## Supplied records:
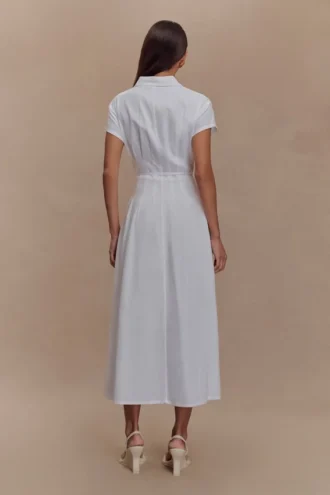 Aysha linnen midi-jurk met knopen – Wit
==
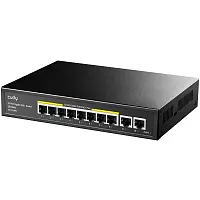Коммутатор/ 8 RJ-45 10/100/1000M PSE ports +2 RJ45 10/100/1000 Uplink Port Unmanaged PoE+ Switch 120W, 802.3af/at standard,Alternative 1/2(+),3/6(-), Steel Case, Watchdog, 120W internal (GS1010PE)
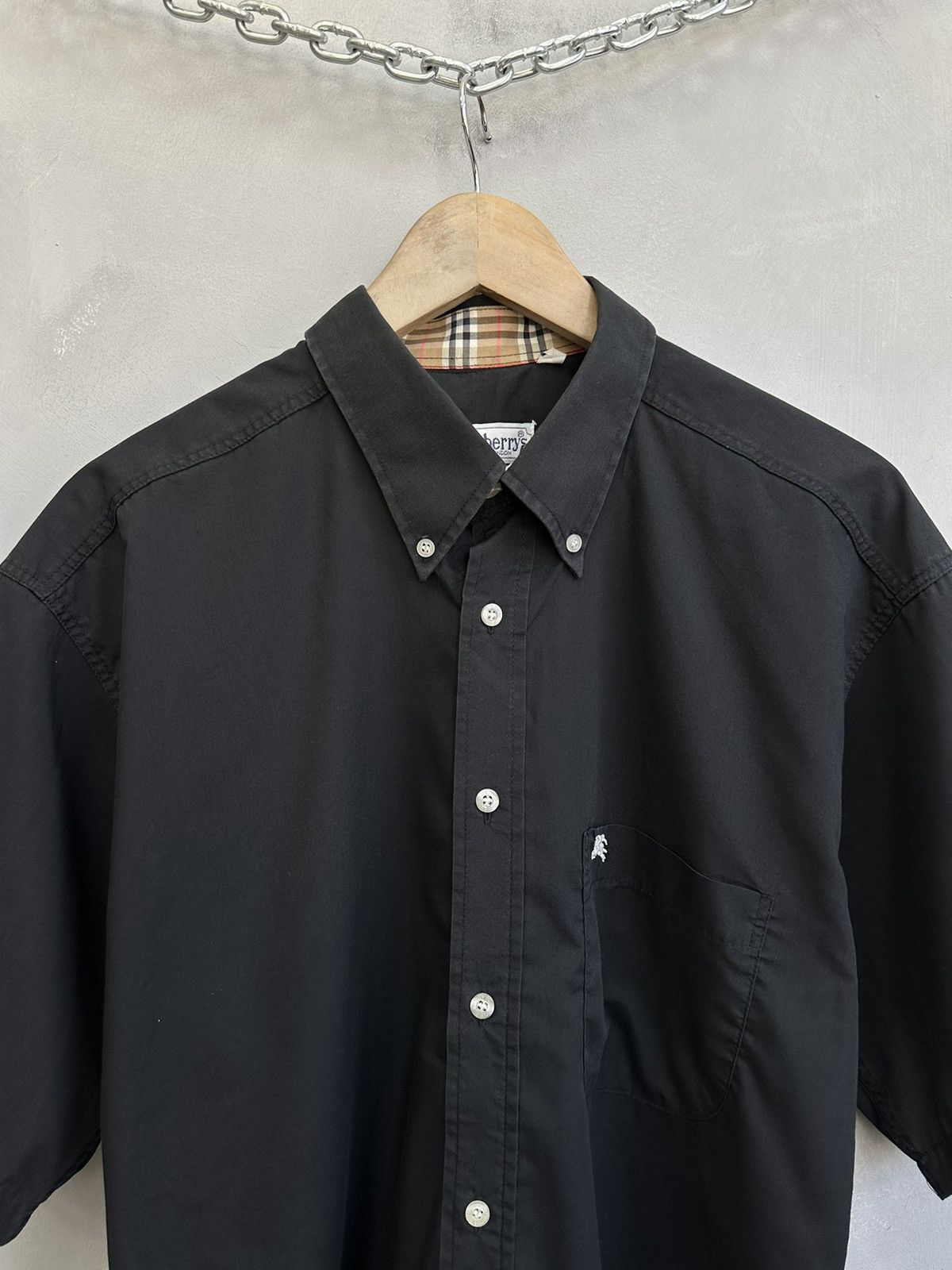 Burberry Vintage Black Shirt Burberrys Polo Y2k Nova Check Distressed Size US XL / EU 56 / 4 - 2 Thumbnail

## Exercise description:
Starting at the line above that holds "Коммутатор/ 8 RJ-45", repeat every line exactly down to and including the line that holds "Burberry Vintage Black", then stop. Do not carry over any pictures.

## Answer below:
Коммутатор/ 8 RJ-45 10/100/1000M PSE ports +2 RJ45 10/100/1000 Uplink Port Unmanaged PoE+ Switch 120W, 802.3af/at standard,Alternative 1/2(+),3/6(-), Steel Case, Watchdog, 120W internal (GS1010PE)
 Burberry Vintage Black Shirt Burberrys Polo Y2k Nova Check Distressed Size US XL / EU 56 / 4 - 2 Thumbnail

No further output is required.